Eli Lilly Covid Antibody Trial Paused Due to Safety Concerns
(Bloomberg) -- Eli Lilly & Co. said enrollment of participants in a clinical trial of its antibody treatment for Covid-19 has been paused due to a potential safety concern, pushing down the company’s shares.
An independent data safety monitoring board recommended pausing enrollment in the U.S. government-sponsored trial, a company spokeswoman said in a statement. Lilly didn’t provide information about what caused the panel to recommend the pause.
Indianapolis-based Lilly is one of several companies developing so-called monoclonal antibody therapies, which can potentially aid those with early Covid-19 symptoms from developing severe cases, and is also being studied as a prophylaxis. It’s seen by pharmaceutical executives and government health officials as a viable bridge to a vaccine.
The class of treatments was spotlighted when President Donald Trump received a similar therapy developed by Regeneron Pharmaceuticals Inc after he was infected with Covid-19. Trump has since called that therapy a “cure,” and said he would push for it and other similar treatments to get approval in the U.S.
Shares of Lilly declined as much as 3.8% in afternoon trading on Tuesday in New York. Lilly said it is supportive of the decision by the independent monitoring board to “cautiously ensure the safety of the patients participating in this study,” according to spokeswoman Kathryn Beiser.
In August, the U.S. National Institutes of Health began testing Lilly’s monoclonal antibody known as LY-CoV555 in hospitalized Covid-19 patients. The 300-participant trial known as ACTIV-3 will also treat patients in both the placebo arm and antibody arm with Gilead Sciences Inc.’s antiviral remdesivir, which is considered to be a standard of care.
News of the pause in the ACTIV-3 trial was first reported by the New York Times, citing emails that government officials sent to researchers at testing sites. It follows by a day Johnson & Johnson’s decision to pause its vaccine trial because of a sick volunteer.
Such pauses for large clinical trials can occur and don’t necessarily mean anything is wrong with the treatment. A final decision must be made by the monitoring board before any future action is taken.

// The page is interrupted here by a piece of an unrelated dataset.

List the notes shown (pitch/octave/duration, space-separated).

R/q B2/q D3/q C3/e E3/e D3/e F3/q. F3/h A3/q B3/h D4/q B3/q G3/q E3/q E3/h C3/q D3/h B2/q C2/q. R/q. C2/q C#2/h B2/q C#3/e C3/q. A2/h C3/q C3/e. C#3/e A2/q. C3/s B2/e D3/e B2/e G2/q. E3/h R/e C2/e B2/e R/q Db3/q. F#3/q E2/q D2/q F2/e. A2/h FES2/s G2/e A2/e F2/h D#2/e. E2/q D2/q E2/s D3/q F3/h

Both Lilly and Regeneron have approached the U.S. Food and Drug Administration seeking emergency use authorization for their treatments. Lilly is seeking authorization for high-risk patients recently diagnosed with mild-to-moderate Covid-19, based on promising data reported out last month from a different trial, known as BLAZE-1.
Lilly serves as the primary sponsor on that trial, collaborating with its co-developer on the LY-CoV555 antibody therapy, Canadian biotech AbCellera Biologics Inc. It’s also testing an antibody cocktail. The BLAZE-1 trial is testing the monotherapy and the combination therapy in patients with early symptoms of Covid-19 who have not been hospitalized. It remains unclear whether the pause in the NIH-sponsored study will impact Lilly’s other ongoing clinical trials.
Preliminary data from both Lilly and Regeneron have been largely positive, suggesting their drugs have the ability to lower the amount of virus in the body.